Step 7: Run the full DriverInstanceActorTests class + the Runtime suite — verify no regression

dotnet test tests/Server/ZB.MOM.WW.OtOpcUa.Runtime.Tests --filter "FullyQualifiedName~DriverInstanceActorTests"
dotnet test tests/Server/ZB.MOM.WW.OtOpcUa.Runtime.Tests

Expected: all green. In particular Initialize_failure_keeps_actor_in_Reconnecting_state (the generation guard makes the latest-generation InitializeFailed honoured and stale ones ignored — both are no-ops, so InitializeCount still climbs ≥3) and ApplyDelta_when_Connected_calls_ReinitializeAsync_and_replies_success (Connected path untouched).

Step 8: Commit (by path)

git add src/Server/ZB.MOM.WW.OtOpcUa.Runtime/Drivers/DriverInstanceActor.cs \
        tests/Server/ZB.MOM.WW.OtOpcUa.Runtime.Tests/Drivers/DriverInstanceActorTests.cs
git commit -m "fix(drivers): adopt corrected config via ApplyDelta while (re)connecting (#7)
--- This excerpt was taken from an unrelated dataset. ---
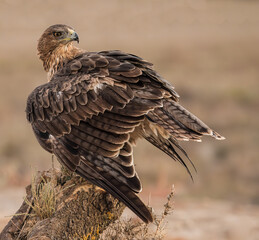 Mantling Bonelli's Eagle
A DriverInstanceActor stuck Reconnecting/Connecting now adopts a config delivered via ApplyDelta and
re-initialises with it, instead of dead-lettering and retrying the stale config forever. A monotonic
init generation supersedes the in-flight init so the corrected config always wins."

Acceptance criteria:

  • ApplyDelta in Connecting and Reconnecting adopts the new config + replies ApplyResult(true).
  • A superseded in-flight init result cannot transition the actor (generation guard).
  • Connected/Stubbed ApplyDelta paths unchanged; no host/contract/EF change.
  • New tests pass; full Runtime.Tests suite green.

Task 2: Docs + bookkeeping

Classification: trivial Estimated implement time: ~2 min Parallelizable with: none (run after Task 1)

Files:

  • Modify: pending.md (disk-only — never stage/commit)
  • (No code/doc commits beyond the design+plan already committed.)

Done by the orchestrator, not a subagent. After Task 1 is merged-ready:

  • Update pending.md: mark open follow-up #7 done with the merge SHA; note the live /run gate is deferred (per user instruction this session). Do not git add it.
  • Confirm the full solution builds clean and the Runtime suite is green for the final integration review.

Task 3: Live /run verification — DEFERRED (skipped this session)

Classification: n/a (user-driven) Estimated implement time: n/a

Deferred per the user's instruction ("skip the live test part"). When run: with docker-dev up, put MAIN-opcua-eq into a faulted/Reconnecting state via a bad DriverConfig, deploy a corrected config (POST http://localhost:9200/api/deployments, header X-Api-Key: docker-dev-deploy-key), and confirm from central-1 logs that the driver adopts the new config and connects without a node restart (today it would retry the stale config forever). Do not perform this step now.


Execution notes (hard rules for every implementer)

  • Commit on feat/driver-reconfigure-while-faulted, never master. Stage by path, never git add ..
  • Never stage sql_login.txt, src/Server/ZB.MOM.WW.OtOpcUa.Host/pki/, pending.md, current.md, docker-dev/docker-compose.yml. Never echo/commit secrets. No force-push, no --no-verify.
  • No EF/Configuration/migration change. No bUnit.